I have gone through the calculations to get the SF at the root's edge from the geometric and material properties (using a variety of plastics), and my SF seems unnaturally small.
I don't have a lot of experience with this yet, so I wanted to check here to make sure I didn't forget something.
If someone would be kind enough to check my work, I would greatly appreciate it. Is my work incorrect, or have I just overestimated the flexibility of my materials?

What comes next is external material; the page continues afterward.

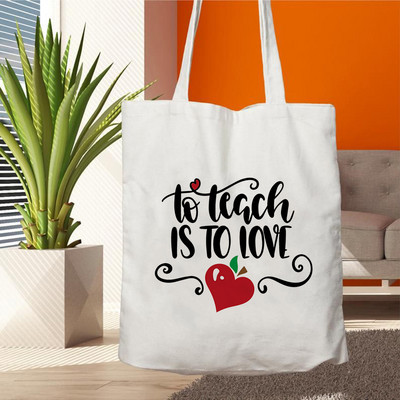 Plátenná nákupná taška Teacher Life, opakovane použiteľná, s potlačou lásky, dámska ekologická taška cez rameno, darčeková taška pre učiteľov, kabelka na nákupy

Find: Safety factor at the root edge, $n_e$
(I also found SF at the root center, $n_c$, from transverse shear, but this isn't critical since stress from bending moment is zero there.)

Geometric properties
Beam length: $l=6.40~\text{mm}$
Maximum deflection: $y_{d,\text{max}}=1.20~\text{mm}$
Beam depth: $h=1.60~\text{mm}$
Beam width: $b=7.31~\text{mm}$
Root fillet radius: $r_f=0.48~\text{mm}$

Material properties (ex.)
SABIC LNP STAT-KON 5E003M: $S_y=50~\text{MPa}$, $E=9060~\text{MPa}$
(this is a fairly brittle plastic, but I got very small SFs for many other plastics as well)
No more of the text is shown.